- EXERCISE BRIEF:
What appears from the first line of the records below through the line containing "Мужские очки Burberry" must be reproduced verbatim.

- Short web captions:
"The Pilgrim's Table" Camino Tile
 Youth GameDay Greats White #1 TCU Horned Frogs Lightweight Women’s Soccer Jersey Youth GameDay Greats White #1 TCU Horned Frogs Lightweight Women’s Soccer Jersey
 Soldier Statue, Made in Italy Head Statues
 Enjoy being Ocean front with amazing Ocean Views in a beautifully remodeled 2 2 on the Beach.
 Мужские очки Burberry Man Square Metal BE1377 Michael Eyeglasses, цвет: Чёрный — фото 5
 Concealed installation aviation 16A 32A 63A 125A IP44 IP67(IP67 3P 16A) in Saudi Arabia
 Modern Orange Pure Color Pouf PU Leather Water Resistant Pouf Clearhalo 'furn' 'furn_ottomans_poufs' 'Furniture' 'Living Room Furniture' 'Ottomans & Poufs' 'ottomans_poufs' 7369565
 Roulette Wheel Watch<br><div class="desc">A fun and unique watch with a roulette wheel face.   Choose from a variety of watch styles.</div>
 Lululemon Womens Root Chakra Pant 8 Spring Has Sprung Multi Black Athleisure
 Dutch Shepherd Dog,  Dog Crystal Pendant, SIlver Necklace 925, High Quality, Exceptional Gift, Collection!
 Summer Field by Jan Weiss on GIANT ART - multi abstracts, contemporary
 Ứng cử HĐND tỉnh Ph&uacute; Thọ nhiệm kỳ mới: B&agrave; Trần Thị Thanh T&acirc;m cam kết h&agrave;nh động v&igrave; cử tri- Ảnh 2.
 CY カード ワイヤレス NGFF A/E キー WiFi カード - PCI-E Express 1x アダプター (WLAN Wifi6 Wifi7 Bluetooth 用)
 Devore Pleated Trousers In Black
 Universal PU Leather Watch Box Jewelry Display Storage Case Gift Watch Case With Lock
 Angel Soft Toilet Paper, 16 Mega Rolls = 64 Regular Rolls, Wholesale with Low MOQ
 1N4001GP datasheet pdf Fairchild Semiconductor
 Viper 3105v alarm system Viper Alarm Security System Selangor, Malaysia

- PROBLEM SOLUTION:
"The Pilgrim's Table" Camino Tile
 Youth GameDay Greats White #1 TCU Horned Frogs Lightweight Women’s Soccer Jersey Youth GameDay Greats White #1 TCU Horned Frogs Lightweight Women’s Soccer Jersey
 Soldier Statue, Made in Italy Head Statues
 Enjoy being Ocean front with amazing Ocean Views in a beautifully remodeled 2 2 on the Beach.
 Мужские очки Burberry Man Square Metal BE1377 Michael Eyeglasses, цвет: Чёрный — фото 5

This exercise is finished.